*** Input data Section Begins ***

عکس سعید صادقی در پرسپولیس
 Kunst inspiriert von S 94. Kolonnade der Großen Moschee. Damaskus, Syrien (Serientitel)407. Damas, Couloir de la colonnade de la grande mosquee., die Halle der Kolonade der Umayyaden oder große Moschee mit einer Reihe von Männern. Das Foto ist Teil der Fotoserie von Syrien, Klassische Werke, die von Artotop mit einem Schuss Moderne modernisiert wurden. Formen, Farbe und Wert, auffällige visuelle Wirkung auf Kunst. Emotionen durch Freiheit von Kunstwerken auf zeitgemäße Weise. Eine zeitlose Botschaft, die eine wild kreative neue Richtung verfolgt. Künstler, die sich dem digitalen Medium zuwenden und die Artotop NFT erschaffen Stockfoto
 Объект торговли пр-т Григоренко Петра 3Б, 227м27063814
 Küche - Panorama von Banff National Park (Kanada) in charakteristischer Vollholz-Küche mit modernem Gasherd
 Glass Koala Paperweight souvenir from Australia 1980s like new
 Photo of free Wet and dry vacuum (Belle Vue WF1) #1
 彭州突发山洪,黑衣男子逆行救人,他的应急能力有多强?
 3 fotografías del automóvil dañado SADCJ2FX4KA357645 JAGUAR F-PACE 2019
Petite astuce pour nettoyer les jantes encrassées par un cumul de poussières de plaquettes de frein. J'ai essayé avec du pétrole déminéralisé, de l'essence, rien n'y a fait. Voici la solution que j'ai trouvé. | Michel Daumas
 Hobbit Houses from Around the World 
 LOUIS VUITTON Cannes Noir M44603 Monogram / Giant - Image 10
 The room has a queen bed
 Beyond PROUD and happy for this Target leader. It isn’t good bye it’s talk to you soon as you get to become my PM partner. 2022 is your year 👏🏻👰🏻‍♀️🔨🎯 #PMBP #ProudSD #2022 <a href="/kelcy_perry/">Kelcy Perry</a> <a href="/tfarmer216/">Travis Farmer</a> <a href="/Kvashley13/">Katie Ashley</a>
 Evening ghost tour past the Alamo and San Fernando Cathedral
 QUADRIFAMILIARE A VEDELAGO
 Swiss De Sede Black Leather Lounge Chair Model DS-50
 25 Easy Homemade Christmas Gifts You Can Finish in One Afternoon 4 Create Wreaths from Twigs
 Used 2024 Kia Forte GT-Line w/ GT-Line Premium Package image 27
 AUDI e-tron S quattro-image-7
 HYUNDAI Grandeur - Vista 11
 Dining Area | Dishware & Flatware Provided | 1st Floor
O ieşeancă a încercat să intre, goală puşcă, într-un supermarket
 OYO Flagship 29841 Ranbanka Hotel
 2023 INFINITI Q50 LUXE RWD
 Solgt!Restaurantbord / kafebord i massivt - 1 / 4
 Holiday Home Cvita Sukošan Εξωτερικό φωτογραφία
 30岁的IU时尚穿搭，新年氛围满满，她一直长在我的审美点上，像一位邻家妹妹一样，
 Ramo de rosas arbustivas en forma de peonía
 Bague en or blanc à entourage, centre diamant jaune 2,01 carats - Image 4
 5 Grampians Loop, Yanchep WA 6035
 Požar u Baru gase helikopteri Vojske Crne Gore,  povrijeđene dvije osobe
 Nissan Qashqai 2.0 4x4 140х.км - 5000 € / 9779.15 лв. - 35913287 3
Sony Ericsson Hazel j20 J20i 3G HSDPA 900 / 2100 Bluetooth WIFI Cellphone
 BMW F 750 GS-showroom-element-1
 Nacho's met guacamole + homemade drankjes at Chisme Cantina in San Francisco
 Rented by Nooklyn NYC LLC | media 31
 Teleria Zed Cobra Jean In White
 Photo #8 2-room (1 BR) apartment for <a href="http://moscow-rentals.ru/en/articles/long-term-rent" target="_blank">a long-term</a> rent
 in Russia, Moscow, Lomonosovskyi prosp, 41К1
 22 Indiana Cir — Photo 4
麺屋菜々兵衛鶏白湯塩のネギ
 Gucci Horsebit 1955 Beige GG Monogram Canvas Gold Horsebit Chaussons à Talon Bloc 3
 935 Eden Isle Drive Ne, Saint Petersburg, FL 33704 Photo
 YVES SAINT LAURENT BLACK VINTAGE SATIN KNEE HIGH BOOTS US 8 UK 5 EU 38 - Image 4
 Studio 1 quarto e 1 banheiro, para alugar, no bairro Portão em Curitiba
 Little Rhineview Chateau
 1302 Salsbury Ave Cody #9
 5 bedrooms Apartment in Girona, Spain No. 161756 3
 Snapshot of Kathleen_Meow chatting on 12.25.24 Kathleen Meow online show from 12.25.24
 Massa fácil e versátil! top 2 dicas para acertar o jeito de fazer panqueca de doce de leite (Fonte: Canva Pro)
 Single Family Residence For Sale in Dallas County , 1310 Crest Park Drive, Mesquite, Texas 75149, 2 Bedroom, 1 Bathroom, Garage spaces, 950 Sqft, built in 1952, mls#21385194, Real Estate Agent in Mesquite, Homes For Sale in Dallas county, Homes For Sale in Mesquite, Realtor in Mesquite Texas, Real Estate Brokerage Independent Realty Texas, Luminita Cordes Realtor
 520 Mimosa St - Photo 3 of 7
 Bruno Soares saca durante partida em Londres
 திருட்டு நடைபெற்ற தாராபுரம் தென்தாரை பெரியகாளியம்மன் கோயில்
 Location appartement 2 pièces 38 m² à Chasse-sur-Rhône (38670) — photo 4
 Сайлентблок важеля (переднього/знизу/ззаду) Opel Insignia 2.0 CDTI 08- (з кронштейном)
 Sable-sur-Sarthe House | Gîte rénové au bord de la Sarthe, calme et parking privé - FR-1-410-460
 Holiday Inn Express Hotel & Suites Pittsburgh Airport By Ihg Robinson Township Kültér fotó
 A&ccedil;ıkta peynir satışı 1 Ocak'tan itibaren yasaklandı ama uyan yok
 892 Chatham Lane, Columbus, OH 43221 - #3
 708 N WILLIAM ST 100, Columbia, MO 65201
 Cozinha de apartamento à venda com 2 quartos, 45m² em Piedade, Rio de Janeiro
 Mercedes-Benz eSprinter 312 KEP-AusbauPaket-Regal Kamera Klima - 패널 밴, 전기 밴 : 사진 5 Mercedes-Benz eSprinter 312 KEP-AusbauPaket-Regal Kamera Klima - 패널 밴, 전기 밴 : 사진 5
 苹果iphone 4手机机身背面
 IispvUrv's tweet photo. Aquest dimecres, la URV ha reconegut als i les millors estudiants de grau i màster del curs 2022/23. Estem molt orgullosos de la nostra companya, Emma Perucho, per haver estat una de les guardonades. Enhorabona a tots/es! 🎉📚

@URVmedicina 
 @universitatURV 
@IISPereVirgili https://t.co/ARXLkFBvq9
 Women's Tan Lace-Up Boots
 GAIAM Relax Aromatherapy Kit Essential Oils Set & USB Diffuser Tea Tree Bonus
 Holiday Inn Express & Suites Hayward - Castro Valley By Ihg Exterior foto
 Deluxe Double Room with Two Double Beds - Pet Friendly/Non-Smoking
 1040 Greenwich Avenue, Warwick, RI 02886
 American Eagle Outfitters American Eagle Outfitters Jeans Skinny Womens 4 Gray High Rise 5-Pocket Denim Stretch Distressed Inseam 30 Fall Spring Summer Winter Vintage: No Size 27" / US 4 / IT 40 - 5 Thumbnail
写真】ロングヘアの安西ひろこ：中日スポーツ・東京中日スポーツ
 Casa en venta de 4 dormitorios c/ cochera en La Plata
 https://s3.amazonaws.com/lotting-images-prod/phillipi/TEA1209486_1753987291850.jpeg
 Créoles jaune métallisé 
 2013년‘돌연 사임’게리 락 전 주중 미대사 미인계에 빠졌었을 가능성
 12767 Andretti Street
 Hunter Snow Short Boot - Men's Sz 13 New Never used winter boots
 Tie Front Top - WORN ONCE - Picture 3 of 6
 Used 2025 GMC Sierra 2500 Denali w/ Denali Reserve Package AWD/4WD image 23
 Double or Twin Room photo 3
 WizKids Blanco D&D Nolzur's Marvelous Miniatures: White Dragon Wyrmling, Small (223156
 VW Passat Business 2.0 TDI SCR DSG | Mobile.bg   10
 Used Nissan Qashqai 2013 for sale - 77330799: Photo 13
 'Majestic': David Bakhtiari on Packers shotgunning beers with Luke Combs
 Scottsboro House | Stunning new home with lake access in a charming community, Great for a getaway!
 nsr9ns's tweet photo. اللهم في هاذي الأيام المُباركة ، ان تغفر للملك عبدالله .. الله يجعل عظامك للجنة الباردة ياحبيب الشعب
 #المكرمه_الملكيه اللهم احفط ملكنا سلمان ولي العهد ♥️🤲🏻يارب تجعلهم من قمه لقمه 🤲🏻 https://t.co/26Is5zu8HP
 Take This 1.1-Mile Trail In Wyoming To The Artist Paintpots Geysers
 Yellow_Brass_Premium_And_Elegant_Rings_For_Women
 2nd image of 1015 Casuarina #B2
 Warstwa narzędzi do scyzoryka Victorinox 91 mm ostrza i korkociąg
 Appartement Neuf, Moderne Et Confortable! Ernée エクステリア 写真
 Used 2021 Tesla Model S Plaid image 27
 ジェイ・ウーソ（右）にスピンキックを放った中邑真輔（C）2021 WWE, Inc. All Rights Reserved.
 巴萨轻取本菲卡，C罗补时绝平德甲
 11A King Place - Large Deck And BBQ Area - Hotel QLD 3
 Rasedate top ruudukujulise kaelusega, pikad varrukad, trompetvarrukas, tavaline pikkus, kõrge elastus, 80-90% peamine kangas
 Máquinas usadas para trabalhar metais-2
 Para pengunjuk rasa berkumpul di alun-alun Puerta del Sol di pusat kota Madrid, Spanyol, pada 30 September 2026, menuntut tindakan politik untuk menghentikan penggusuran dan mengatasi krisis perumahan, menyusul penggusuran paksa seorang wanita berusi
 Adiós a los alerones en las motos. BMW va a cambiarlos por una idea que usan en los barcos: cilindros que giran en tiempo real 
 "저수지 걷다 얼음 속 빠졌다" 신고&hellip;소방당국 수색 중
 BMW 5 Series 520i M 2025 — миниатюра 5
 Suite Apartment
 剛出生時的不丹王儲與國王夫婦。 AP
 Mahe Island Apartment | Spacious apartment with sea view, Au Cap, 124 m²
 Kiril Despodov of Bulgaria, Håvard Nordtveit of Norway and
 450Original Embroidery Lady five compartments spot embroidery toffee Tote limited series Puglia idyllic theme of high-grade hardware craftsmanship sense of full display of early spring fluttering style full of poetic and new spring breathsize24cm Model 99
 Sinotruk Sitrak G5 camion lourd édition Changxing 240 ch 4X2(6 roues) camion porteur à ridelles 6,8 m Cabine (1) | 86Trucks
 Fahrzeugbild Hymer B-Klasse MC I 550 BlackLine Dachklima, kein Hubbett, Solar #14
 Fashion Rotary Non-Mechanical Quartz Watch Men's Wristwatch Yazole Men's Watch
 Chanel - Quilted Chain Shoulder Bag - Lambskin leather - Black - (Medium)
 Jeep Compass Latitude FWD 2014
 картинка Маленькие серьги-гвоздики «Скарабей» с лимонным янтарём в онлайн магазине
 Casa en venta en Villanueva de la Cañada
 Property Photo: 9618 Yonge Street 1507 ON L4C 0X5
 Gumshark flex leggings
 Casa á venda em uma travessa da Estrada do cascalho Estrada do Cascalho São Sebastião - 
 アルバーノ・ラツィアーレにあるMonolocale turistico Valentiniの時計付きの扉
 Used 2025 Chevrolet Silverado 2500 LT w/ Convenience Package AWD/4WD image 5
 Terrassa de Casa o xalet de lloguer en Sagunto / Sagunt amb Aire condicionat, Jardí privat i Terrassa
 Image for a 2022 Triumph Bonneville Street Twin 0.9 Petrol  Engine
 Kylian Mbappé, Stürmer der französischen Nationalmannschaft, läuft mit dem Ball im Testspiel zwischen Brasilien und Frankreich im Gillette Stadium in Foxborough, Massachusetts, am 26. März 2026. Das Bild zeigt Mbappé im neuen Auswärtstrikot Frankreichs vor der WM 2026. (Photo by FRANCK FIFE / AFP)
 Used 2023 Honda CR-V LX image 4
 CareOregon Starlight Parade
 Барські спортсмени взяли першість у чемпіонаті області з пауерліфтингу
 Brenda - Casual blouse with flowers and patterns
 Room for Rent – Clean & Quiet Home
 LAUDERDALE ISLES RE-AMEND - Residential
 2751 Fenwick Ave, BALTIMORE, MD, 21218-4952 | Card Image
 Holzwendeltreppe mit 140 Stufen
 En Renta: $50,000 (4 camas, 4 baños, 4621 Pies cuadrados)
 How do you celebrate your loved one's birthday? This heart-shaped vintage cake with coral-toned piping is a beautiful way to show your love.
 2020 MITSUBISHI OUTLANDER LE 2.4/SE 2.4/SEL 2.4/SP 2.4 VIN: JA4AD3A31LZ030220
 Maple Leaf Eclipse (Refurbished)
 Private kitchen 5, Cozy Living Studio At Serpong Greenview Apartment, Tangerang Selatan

*** Input data Section Ends ***

## What is required
Please write out exactly the lines from the start of the data through the line that contains "2023 INFINITI Q50 LUXE RWD", both ends included, and nothing else.

## Reply
عکس سعید صادقی در پرسپولیس
 Kunst inspiriert von S 94. Kolonnade der Großen Moschee. Damaskus, Syrien (Serientitel)407. Damas, Couloir de la colonnade de la grande mosquee., die Halle der Kolonade der Umayyaden oder große Moschee mit einer Reihe von Männern. Das Foto ist Teil der Fotoserie von Syrien, Klassische Werke, die von Artotop mit einem Schuss Moderne modernisiert wurden. Formen, Farbe und Wert, auffällige visuelle Wirkung auf Kunst. Emotionen durch Freiheit von Kunstwerken auf zeitgemäße Weise. Eine zeitlose Botschaft, die eine wild kreative neue Richtung verfolgt. Künstler, die sich dem digitalen Medium zuwenden und die Artotop NFT erschaffen Stockfoto
 Объект торговли пр-т Григоренко Петра 3Б, 227м27063814
 Küche - Panorama von Banff National Park (Kanada) in charakteristischer Vollholz-Küche mit modernem Gasherd
 Glass Koala Paperweight souvenir from Australia 1980s like new
 Photo of free Wet and dry vacuum (Belle Vue WF1) #1
 彭州突发山洪,黑衣男子逆行救人,他的应急能力有多强?
 3 fotografías del automóvil dañado SADCJ2FX4KA357645 JAGUAR F-PACE 2019
Petite astuce pour nettoyer les jantes encrassées par un cumul de poussières de plaquettes de frein. J'ai essayé avec du pétrole déminéralisé, de l'essence, rien n'y a fait. Voici la solution que j'ai trouvé. | Michel Daumas
 Hobbit Houses from Around the World 
 LOUIS VUITTON Cannes Noir M44603 Monogram / Giant - Image 10
 The room has a queen bed
 Beyond PROUD and happy for this Target leader. It isn’t good bye it’s talk to you soon as you get to become my PM partner. 2022 is your year 👏🏻👰🏻‍♀️🔨🎯 #PMBP #ProudSD #2022 <a href="/kelcy_perry/">Kelcy Perry</a> <a href="/tfarmer216/">Travis Farmer</a> <a href="/Kvashley13/">Katie Ashley</a>
 Evening ghost tour past the Alamo and San Fernando Cathedral
 QUADRIFAMILIARE A VEDELAGO
 Swiss De Sede Black Leather Lounge Chair Model DS-50
 25 Easy Homemade Christmas Gifts You Can Finish in One Afternoon 4 Create Wreaths from Twigs
 Used 2024 Kia Forte GT-Line w/ GT-Line Premium Package image 27
 AUDI e-tron S quattro-image-7
 HYUNDAI Grandeur - Vista 11
 Dining Area | Dishware & Flatware Provided | 1st Floor
O ieşeancă a încercat să intre, goală puşcă, într-un supermarket
 OYO Flagship 29841 Ranbanka Hotel
 2023 INFINITI Q50 LUXE RWD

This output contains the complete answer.